WHAT THIS TASK INVOLVES
Repeat exactly the lines of the records below, starting at the line containing "istock Fish dish" and ending at the line containing "Image 19 of". Leave the pictures out.

───── AVAILABLE DATA ─────

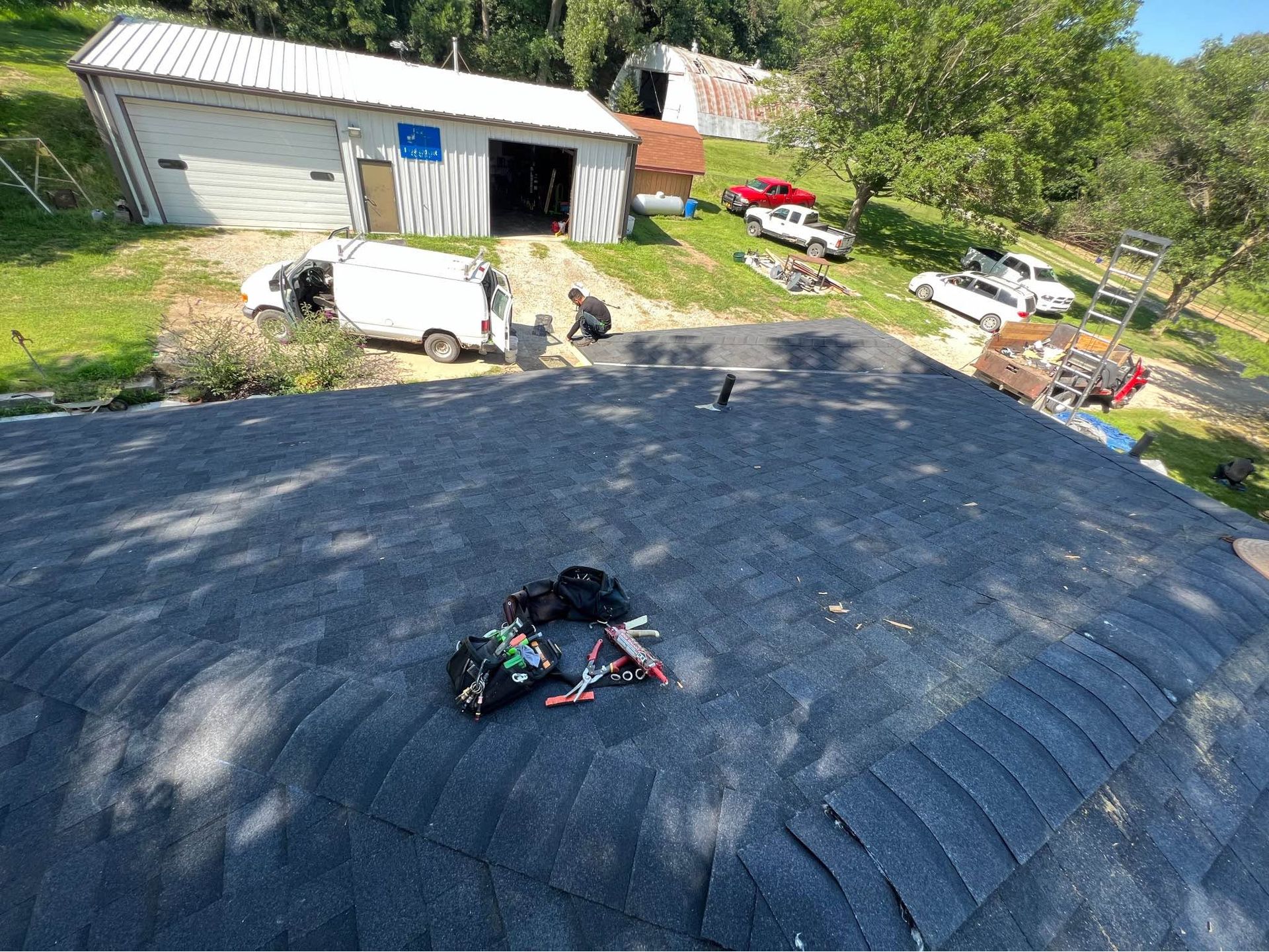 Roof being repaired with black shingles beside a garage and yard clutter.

─────
───── AVAILABLE DATA ─────

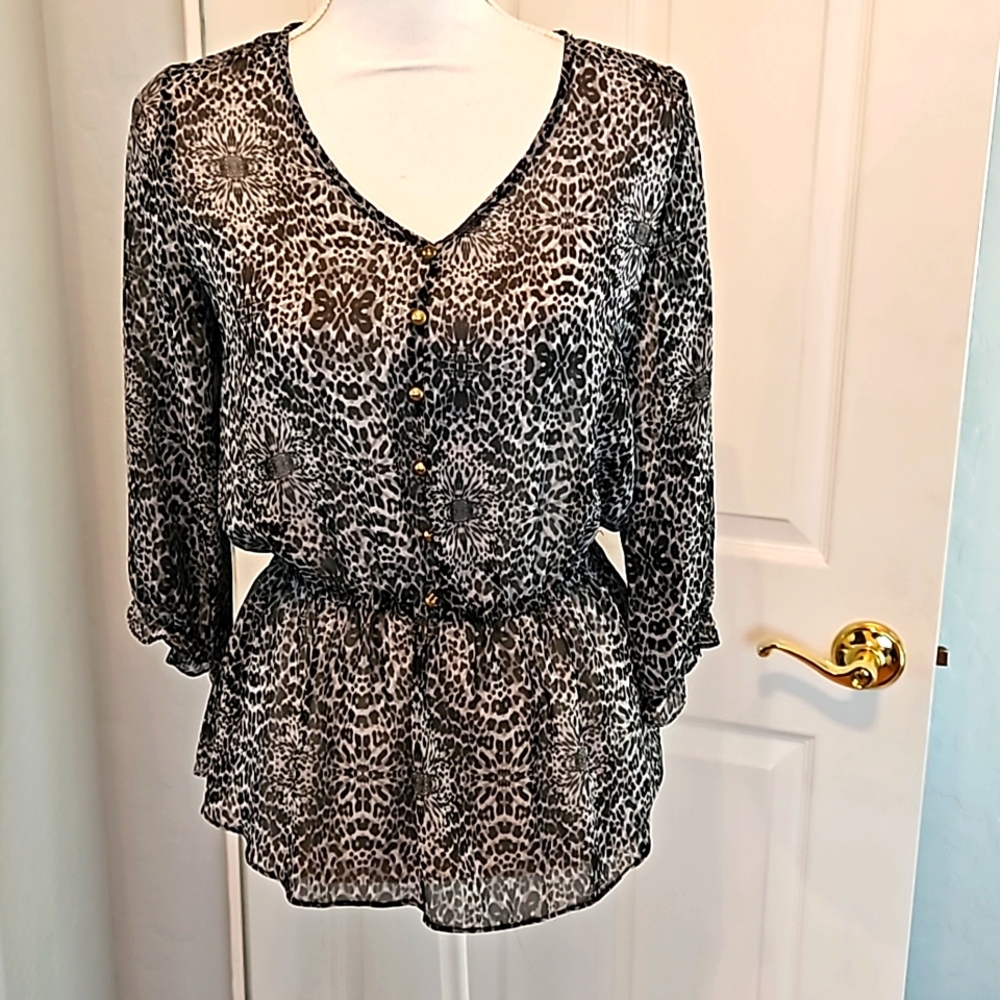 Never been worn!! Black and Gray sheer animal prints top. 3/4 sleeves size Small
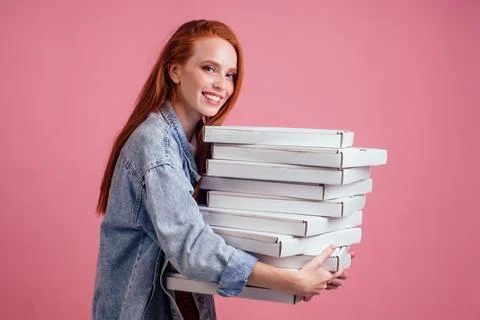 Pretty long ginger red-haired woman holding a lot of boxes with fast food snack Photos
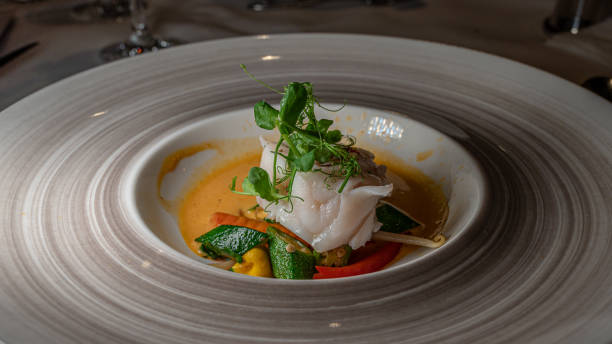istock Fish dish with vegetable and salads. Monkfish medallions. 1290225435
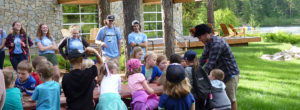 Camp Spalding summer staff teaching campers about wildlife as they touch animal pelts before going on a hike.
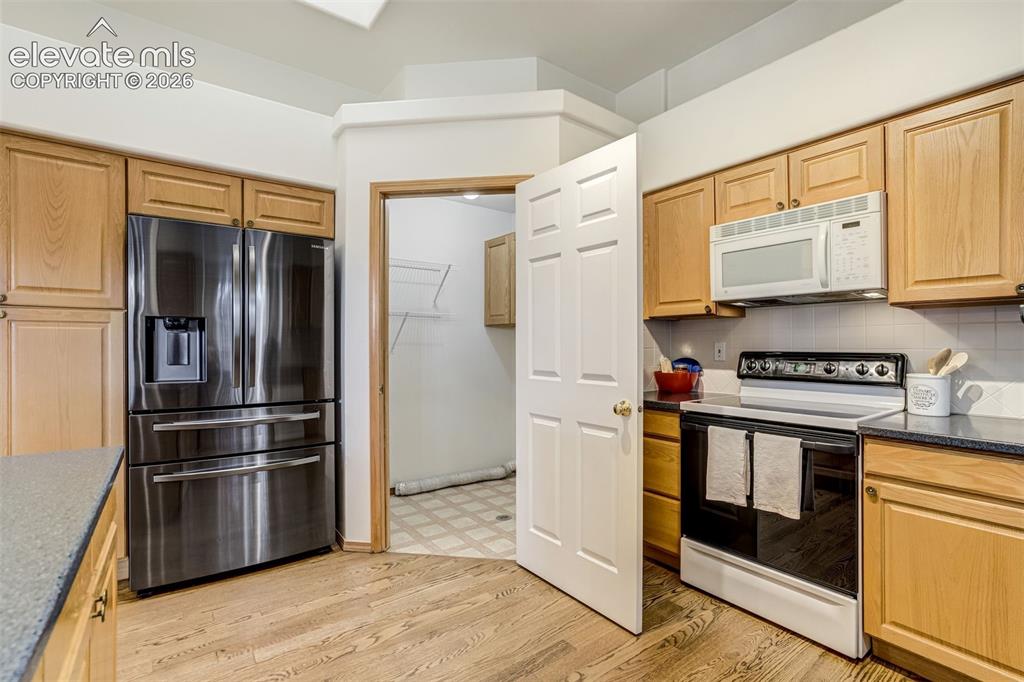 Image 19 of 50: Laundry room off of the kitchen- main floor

─────

SOLUTION TO THIS PROBLEM
istock Fish dish with vegetable and salads. Monkfish medallions. 1290225435
 Camp Spalding summer staff teaching campers about wildlife as they touch animal pelts before going on a hike.
 Image 19 of 50: Laundry room off of the kitchen- main floor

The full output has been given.